Вскоре Эфраим становится рядовым подпольной еврейской армии — я не берусь описывать внутренние разногласия в ней, ибо вижу сегодняшнее кипение страстей в любых еврейских дискуссиях, и ежусь, представляя себе, что творилось тогда. Это описано во многих книгах о самых разных временах, еврейская идеологическая нетерпимость всюду и всегда кипела одинаково. А Эфраим был еще настолько молод, что его наверняка кидало из крайности в крайность. Но судьба уже наметила его и сдерживала от любого лишнего шага. Я об этом как-то слышал от него в виде простой и чуть мистической истории. Девятого ава двадцать девятого года он стоял в цепи охраны евреев, молившихся у Стены Плача в память о разрушении Храма. Было поздно и темно. Сверху над Стеной был виден человек в арабском одеянии, молча наблюдавший за евреями внизу. Давай-ка я его сниму, предложил Эфраим, вытаскивая револьвер. Не надо, шум поднимется, остановил его приятель. И Эфраим — это не в характере его — послушался. Они узнали утром по случайности, что наверху всю ночь стоял, свои тяжелые прожевывая думы, сам Верховный муфтий мусульманского Иерусалима, злейший враг евреев (тот, который так приветствовал позднее все, что делал Гитлер). Чуть повернулась бы история с его убийством? Не исключено. Только Эфраиму не назначено было стать исполнителем — тогда же утром выяснилось, что патроны им в ту ночь случайно выдали отсыревшие.

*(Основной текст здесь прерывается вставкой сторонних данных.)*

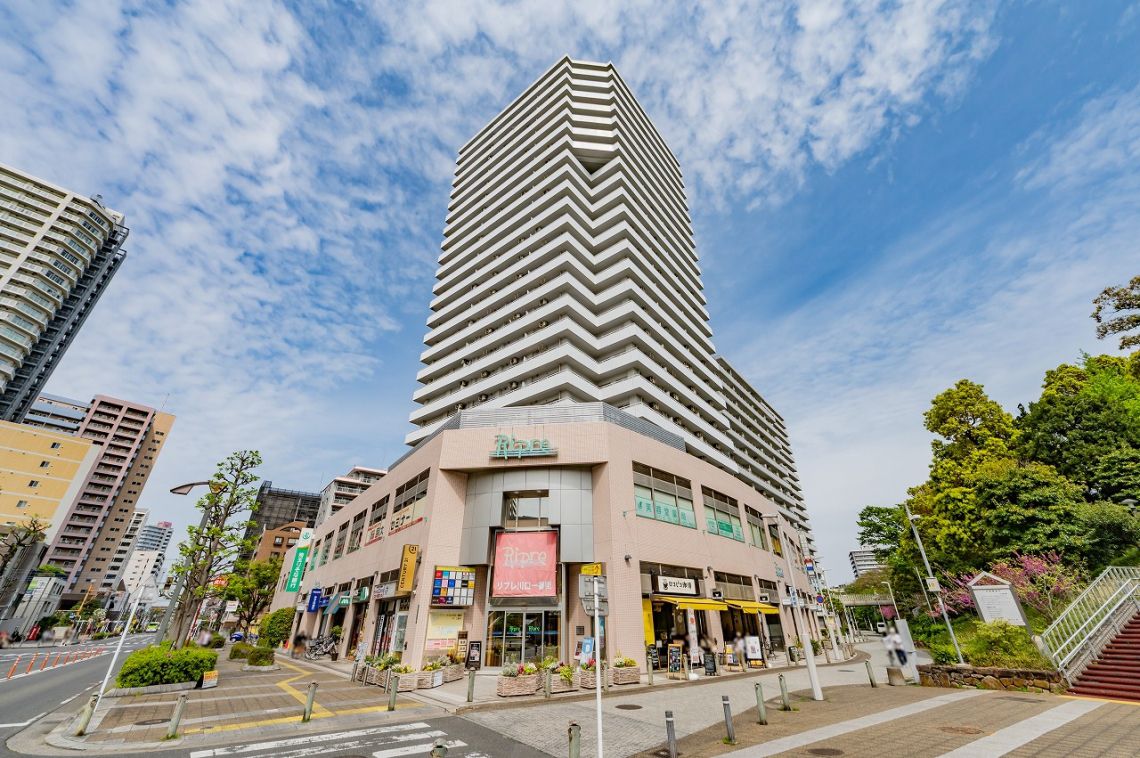 リプレ川口一番街１号棟現地外観写真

Я так спокойно и уверенно пишу о некой предначертанности этой жизни, потому что знаю и другие мелкие побочности его деяний. Вот еще один пример. Когда «Нора» уже готовилась к отплытию, на пристань привезли свежеукраденную у англичан радиоаппаратуру. Чтобы «Нора» могла сообщать во время рейса, все ли в порядке (всюду шныряли английские эсминцы), и чтобы за дни ее пути не сошли с ума от волнения те, кто ее ждали. А о том, каков он был, накал этого волнения, свидетельствует некий мелкий факт: узнав о прибытии «Норы», Бен-Гурион заплакал, и признались в этой слабости еще несколько посвященных. Так вот в тот день и час эту маленькую краденую радиостанцию уже собрались грузить, когда на пристани показался итальянский патруль. Кидайте ее в воду, холодно распорядился Эфраим. И радиостанцию мгновенно утопили. Если бы ее поставили, то «Нора» просто не дошла бы (я напоминаю, что речь шла об оружии, которое спасло Иерусалим) — это выяснилось позже. Оказалось, что морская пограничная охрана быстро навела справки о плывущем суденышке: его хозяином числился по-прежнему негоциант, владевший «Норой» уже много лет (Эфраим упросил его при покупке не снимать свое имя с судовых документов), — и решили судно зря не останавливать (это чревато при необоснованности задержки возмещением убытков). Если бы с этой жалкой торговой посудины был перехвачен хоть один радиосигнал — затея провалилась бы немедленно: «Норе» по ее чину просто не полагалось радио.